**AIM OF THE EXERCISE**
Copy every line from the records below that holds the word "Once".

---*---

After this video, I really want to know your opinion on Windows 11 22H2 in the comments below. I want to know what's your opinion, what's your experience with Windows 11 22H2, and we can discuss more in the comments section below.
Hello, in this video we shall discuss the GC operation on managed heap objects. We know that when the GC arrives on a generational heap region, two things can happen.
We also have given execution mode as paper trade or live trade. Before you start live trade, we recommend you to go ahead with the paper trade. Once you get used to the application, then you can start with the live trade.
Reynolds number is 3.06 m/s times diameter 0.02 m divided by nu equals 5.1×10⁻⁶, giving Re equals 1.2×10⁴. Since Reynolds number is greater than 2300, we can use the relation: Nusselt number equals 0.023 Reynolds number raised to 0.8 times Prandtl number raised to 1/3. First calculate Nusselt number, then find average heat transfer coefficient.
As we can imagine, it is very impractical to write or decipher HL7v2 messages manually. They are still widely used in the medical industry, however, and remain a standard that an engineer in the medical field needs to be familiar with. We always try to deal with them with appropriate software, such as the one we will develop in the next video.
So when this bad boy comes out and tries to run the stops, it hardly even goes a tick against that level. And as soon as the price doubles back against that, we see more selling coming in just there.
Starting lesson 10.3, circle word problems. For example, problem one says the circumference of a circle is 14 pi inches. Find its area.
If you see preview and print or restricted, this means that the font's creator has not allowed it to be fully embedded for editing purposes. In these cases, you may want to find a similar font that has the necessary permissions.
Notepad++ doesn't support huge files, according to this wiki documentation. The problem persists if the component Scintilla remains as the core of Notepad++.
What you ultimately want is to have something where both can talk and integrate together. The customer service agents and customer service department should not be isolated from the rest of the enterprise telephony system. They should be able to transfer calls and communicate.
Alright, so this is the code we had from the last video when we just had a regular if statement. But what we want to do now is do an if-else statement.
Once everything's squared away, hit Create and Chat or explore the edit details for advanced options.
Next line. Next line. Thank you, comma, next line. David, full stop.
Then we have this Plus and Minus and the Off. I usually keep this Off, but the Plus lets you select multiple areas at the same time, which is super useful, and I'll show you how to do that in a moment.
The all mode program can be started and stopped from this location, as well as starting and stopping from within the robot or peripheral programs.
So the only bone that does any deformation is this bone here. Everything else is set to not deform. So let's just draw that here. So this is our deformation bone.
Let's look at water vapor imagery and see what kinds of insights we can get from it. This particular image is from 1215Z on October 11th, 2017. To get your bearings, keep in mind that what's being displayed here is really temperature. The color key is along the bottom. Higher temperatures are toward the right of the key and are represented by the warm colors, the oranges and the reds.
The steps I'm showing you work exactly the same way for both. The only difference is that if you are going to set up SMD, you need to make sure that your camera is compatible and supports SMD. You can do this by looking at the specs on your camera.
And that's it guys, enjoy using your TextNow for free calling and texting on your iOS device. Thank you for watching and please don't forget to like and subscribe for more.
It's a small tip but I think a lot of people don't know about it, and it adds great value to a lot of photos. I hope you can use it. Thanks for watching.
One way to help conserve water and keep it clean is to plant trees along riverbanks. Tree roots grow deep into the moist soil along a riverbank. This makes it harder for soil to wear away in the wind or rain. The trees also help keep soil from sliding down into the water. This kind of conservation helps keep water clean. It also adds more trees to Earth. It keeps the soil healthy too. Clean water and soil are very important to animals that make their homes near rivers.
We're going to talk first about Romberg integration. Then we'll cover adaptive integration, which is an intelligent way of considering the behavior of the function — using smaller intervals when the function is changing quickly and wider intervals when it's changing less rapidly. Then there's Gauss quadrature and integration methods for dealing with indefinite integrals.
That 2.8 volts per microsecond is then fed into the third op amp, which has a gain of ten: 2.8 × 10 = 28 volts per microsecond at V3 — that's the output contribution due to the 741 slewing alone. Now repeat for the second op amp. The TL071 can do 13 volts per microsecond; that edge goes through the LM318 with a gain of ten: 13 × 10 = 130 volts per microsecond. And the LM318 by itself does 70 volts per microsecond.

---*---

**EXERCISE RESPONSE**
We also have given execution mode as paper trade or live trade. Before you start live trade, we recommend you to go ahead with the paper trade. Once you get used to the application, then you can start with the live trade.
Once everything's squared away, hit Create and Chat or explore the edit details for advanced options.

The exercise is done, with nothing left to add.